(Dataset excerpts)
[Start of section]
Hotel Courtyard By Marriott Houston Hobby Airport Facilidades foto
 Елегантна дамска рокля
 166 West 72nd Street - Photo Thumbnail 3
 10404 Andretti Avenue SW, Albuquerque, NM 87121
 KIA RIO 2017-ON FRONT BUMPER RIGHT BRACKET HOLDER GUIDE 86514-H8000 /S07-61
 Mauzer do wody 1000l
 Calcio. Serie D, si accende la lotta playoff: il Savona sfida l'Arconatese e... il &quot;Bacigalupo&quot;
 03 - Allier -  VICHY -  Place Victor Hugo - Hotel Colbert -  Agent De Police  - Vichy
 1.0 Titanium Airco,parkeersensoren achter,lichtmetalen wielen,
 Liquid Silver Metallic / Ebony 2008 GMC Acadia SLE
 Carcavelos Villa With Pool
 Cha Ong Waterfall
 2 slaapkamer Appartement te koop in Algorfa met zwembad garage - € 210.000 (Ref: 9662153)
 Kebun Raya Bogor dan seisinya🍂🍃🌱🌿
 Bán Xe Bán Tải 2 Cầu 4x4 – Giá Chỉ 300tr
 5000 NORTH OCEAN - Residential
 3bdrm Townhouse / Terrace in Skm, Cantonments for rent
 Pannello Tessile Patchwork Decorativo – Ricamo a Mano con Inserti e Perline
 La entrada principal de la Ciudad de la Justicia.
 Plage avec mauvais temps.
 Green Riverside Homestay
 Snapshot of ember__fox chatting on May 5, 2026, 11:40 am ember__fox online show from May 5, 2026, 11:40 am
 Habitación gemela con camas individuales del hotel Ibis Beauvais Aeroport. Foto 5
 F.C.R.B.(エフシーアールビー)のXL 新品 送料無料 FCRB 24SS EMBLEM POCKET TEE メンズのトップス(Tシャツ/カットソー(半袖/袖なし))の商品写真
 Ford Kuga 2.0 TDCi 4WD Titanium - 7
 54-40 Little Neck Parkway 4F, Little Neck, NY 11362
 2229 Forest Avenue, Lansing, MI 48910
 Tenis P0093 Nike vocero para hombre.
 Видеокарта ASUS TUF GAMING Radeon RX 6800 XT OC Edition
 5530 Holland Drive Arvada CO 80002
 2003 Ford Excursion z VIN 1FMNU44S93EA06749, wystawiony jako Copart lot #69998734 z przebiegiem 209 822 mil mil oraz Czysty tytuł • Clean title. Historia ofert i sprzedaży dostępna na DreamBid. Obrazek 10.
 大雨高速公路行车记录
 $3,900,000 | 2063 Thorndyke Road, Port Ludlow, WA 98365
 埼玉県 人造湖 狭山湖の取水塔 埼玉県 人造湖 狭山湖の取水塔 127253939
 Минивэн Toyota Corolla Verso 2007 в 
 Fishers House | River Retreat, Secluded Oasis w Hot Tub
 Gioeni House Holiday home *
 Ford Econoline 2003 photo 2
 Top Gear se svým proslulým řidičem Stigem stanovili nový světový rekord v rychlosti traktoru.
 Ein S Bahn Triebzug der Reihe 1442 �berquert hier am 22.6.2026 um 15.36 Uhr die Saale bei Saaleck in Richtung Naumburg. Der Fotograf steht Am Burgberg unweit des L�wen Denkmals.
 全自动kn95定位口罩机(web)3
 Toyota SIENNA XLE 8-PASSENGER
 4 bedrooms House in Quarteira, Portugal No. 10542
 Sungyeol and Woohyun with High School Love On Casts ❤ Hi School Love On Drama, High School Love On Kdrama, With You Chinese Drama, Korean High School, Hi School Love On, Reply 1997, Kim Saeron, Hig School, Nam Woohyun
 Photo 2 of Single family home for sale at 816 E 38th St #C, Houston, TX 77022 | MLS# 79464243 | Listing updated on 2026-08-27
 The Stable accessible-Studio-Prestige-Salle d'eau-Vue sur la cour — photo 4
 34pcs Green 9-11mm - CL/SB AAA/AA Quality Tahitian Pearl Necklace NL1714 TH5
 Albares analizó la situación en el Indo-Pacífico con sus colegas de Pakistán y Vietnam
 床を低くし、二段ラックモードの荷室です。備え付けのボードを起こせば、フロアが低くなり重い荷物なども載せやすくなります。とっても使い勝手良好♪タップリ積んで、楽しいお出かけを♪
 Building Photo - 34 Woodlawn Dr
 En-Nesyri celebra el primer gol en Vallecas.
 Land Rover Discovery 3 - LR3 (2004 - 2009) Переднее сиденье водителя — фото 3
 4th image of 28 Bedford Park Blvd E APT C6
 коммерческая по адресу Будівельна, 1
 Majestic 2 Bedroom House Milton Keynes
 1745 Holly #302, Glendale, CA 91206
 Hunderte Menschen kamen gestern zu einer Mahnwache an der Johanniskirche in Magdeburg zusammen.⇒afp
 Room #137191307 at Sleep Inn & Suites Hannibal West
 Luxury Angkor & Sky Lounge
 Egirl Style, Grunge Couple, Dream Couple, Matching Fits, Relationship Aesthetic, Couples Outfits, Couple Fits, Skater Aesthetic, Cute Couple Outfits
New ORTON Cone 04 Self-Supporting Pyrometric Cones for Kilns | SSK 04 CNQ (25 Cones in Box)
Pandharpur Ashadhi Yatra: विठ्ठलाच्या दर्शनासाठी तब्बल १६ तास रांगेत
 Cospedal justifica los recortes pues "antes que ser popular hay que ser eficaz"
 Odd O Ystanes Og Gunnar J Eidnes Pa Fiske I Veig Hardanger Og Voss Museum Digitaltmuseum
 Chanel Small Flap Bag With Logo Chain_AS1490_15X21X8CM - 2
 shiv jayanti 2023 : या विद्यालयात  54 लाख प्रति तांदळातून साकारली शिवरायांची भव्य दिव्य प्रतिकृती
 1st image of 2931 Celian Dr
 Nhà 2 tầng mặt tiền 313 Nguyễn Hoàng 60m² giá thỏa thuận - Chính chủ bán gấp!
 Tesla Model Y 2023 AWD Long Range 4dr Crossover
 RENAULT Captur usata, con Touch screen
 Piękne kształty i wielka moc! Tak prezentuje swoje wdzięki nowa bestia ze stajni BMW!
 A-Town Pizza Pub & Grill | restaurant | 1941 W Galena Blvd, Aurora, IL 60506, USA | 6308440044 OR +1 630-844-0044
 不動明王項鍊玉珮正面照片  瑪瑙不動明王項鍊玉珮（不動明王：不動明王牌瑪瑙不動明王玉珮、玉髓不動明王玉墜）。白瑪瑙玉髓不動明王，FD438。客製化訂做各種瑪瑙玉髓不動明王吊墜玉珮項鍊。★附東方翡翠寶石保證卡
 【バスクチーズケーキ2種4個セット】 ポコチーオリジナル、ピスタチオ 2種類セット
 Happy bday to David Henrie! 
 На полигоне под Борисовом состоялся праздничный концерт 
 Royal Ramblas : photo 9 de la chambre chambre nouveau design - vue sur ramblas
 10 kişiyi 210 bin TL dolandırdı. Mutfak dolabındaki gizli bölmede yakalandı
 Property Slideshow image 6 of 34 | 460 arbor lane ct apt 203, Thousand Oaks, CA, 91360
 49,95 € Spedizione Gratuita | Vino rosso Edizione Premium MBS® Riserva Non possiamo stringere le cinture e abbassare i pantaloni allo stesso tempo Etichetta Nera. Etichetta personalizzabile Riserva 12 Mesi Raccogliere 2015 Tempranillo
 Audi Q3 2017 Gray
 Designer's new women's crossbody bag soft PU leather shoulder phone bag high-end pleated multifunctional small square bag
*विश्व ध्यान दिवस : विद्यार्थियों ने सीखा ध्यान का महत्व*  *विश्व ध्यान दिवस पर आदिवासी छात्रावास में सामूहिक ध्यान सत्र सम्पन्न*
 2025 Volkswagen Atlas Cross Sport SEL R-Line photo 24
[End of section]
Work to complete: Repeat all of the records exactly.

Exercise output:
Hotel Courtyard By Marriott Houston Hobby Airport Facilidades foto
 Елегантна дамска рокля
 166 West 72nd Street - Photo Thumbnail 3
 10404 Andretti Avenue SW, Albuquerque, NM 87121
 KIA RIO 2017-ON FRONT BUMPER RIGHT BRACKET HOLDER GUIDE 86514-H8000 /S07-61
 Mauzer do wody 1000l
 Calcio. Serie D, si accende la lotta playoff: il Savona sfida l'Arconatese e... il &quot;Bacigalupo&quot;
 03 - Allier -  VICHY -  Place Victor Hugo - Hotel Colbert -  Agent De Police  - Vichy
 1.0 Titanium Airco,parkeersensoren achter,lichtmetalen wielen,
 Liquid Silver Metallic / Ebony 2008 GMC Acadia SLE
 Carcavelos Villa With Pool
 Cha Ong Waterfall
 2 slaapkamer Appartement te koop in Algorfa met zwembad garage - € 210.000 (Ref: 9662153)
 Kebun Raya Bogor dan seisinya🍂🍃🌱🌿
 Bán Xe Bán Tải 2 Cầu 4x4 – Giá Chỉ 300tr
 5000 NORTH OCEAN - Residential
 3bdrm Townhouse / Terrace in Skm, Cantonments for rent
 Pannello Tessile Patchwork Decorativo – Ricamo a Mano con Inserti e Perline
 La entrada principal de la Ciudad de la Justicia.
 Plage avec mauvais temps.
 Green Riverside Homestay
 Snapshot of ember__fox chatting on May 5, 2026, 11:40 am ember__fox online show from May 5, 2026, 11:40 am
 Habitación gemela con camas individuales del hotel Ibis Beauvais Aeroport. Foto 5
 F.C.R.B.(エフシーアールビー)のXL 新品 送料無料 FCRB 24SS EMBLEM POCKET TEE メンズのトップス(Tシャツ/カットソー(半袖/袖なし))の商品写真
 Ford Kuga 2.0 TDCi 4WD Titanium - 7
 54-40 Little Neck Parkway 4F, Little Neck, NY 11362
 2229 Forest Avenue, Lansing, MI 48910
 Tenis P0093 Nike vocero para hombre.
 Видеокарта ASUS TUF GAMING Radeon RX 6800 XT OC Edition
 5530 Holland Drive Arvada CO 80002
 2003 Ford Excursion z VIN 1FMNU44S93EA06749, wystawiony jako Copart lot #69998734 z przebiegiem 209 822 mil mil oraz Czysty tytuł • Clean title. Historia ofert i sprzedaży dostępna na DreamBid. Obrazek 10.
 大雨高速公路行车记录
 $3,900,000 | 2063 Thorndyke Road, Port Ludlow, WA 98365
 埼玉県 人造湖 狭山湖の取水塔 埼玉県 人造湖 狭山湖の取水塔 127253939
 Минивэн Toyota Corolla Verso 2007 в 
 Fishers House | River Retreat, Secluded Oasis w Hot Tub
 Gioeni House Holiday home *
 Ford Econoline 2003 photo 2
 Top Gear se svým proslulým řidičem Stigem stanovili nový světový rekord v rychlosti traktoru.
 Ein S Bahn Triebzug der Reihe 1442 �berquert hier am 22.6.2026 um 15.36 Uhr die Saale bei Saaleck in Richtung Naumburg. Der Fotograf steht Am Burgberg unweit des L�wen Denkmals.
 全自动kn95定位口罩机(web)3
 Toyota SIENNA XLE 8-PASSENGER
 4 bedrooms House in Quarteira, Portugal No. 10542
 Sungyeol and Woohyun with High School Love On Casts ❤ Hi School Love On Drama, High School Love On Kdrama, With You Chinese Drama, Korean High School, Hi School Love On, Reply 1997, Kim Saeron, Hig School, Nam Woohyun
 Photo 2 of Single family home for sale at 816 E 38th St #C, Houston, TX 77022 | MLS# 79464243 | Listing updated on 2026-08-27
 The Stable accessible-Studio-Prestige-Salle d'eau-Vue sur la cour — photo 4
 34pcs Green 9-11mm - CL/SB AAA/AA Quality Tahitian Pearl Necklace NL1714 TH5
 Albares analizó la situación en el Indo-Pacífico con sus colegas de Pakistán y Vietnam
 床を低くし、二段ラックモードの荷室です。備え付けのボードを起こせば、フロアが低くなり重い荷物なども載せやすくなります。とっても使い勝手良好♪タップリ積んで、楽しいお出かけを♪
 Building Photo - 34 Woodlawn Dr
 En-Nesyri celebra el primer gol en Vallecas.
 Land Rover Discovery 3 - LR3 (2004 - 2009) Переднее сиденье водителя — фото 3
 4th image of 28 Bedford Park Blvd E APT C6
 коммерческая по адресу Будівельна, 1
 Majestic 2 Bedroom House Milton Keynes
 1745 Holly #302, Glendale, CA 91206
 Hunderte Menschen kamen gestern zu einer Mahnwache an der Johanniskirche in Magdeburg zusammen.⇒afp
 Room #137191307 at Sleep Inn & Suites Hannibal West
 Luxury Angkor & Sky Lounge
 Egirl Style, Grunge Couple, Dream Couple, Matching Fits, Relationship Aesthetic, Couples Outfits, Couple Fits, Skater Aesthetic, Cute Couple Outfits
New ORTON Cone 04 Self-Supporting Pyrometric Cones for Kilns | SSK 04 CNQ (25 Cones in Box)
Pandharpur Ashadhi Yatra: विठ्ठलाच्या दर्शनासाठी तब्बल १६ तास रांगेत
 Cospedal justifica los recortes pues "antes que ser popular hay que ser eficaz"
 Odd O Ystanes Og Gunnar J Eidnes Pa Fiske I Veig Hardanger Og Voss Museum Digitaltmuseum
 Chanel Small Flap Bag With Logo Chain_AS1490_15X21X8CM - 2
 shiv jayanti 2023 : या विद्यालयात  54 लाख प्रति तांदळातून साकारली शिवरायांची भव्य दिव्य प्रतिकृती
 1st image of 2931 Celian Dr
 Nhà 2 tầng mặt tiền 313 Nguyễn Hoàng 60m² giá thỏa thuận - Chính chủ bán gấp!
 Tesla Model Y 2023 AWD Long Range 4dr Crossover
 RENAULT Captur usata, con Touch screen
 Piękne kształty i wielka moc! Tak prezentuje swoje wdzięki nowa bestia ze stajni BMW!
 A-Town Pizza Pub & Grill | restaurant | 1941 W Galena Blvd, Aurora, IL 60506, USA | 6308440044 OR +1 630-844-0044
 不動明王項鍊玉珮正面照片  瑪瑙不動明王項鍊玉珮（不動明王：不動明王牌瑪瑙不動明王玉珮、玉髓不動明王玉墜）。白瑪瑙玉髓不動明王，FD438。客製化訂做各種瑪瑙玉髓不動明王吊墜玉珮項鍊。★附東方翡翠寶石保證卡
 【バスクチーズケーキ2種4個セット】 ポコチーオリジナル、ピスタチオ 2種類セット
 Happy bday to David Henrie! 
 На полигоне под Борисовом состоялся праздничный концерт 
 Royal Ramblas : photo 9 de la chambre chambre nouveau design - vue sur ramblas
 10 kişiyi 210 bin TL dolandırdı. Mutfak dolabındaki gizli bölmede yakalandı
 Property Slideshow image 6 of 34 | 460 arbor lane ct apt 203, Thousand Oaks, CA, 91360
 49,95 € Spedizione Gratuita | Vino rosso Edizione Premium MBS® Riserva Non possiamo stringere le cinture e abbassare i pantaloni allo stesso tempo Etichetta Nera. Etichetta personalizzabile Riserva 12 Mesi Raccogliere 2015 Tempranillo
 Audi Q3 2017 Gray
 Designer's new women's crossbody bag soft PU leather shoulder phone bag high-end pleated multifunctional small square bag
*विश्व ध्यान दिवस : विद्यार्थियों ने सीखा ध्यान का महत्व*  *विश्व ध्यान दिवस पर आदिवासी छात्रावास में सामूहिक ध्यान सत्र सम्पन्न*
 2025 Volkswagen Atlas Cross Sport SEL R-Line photo 24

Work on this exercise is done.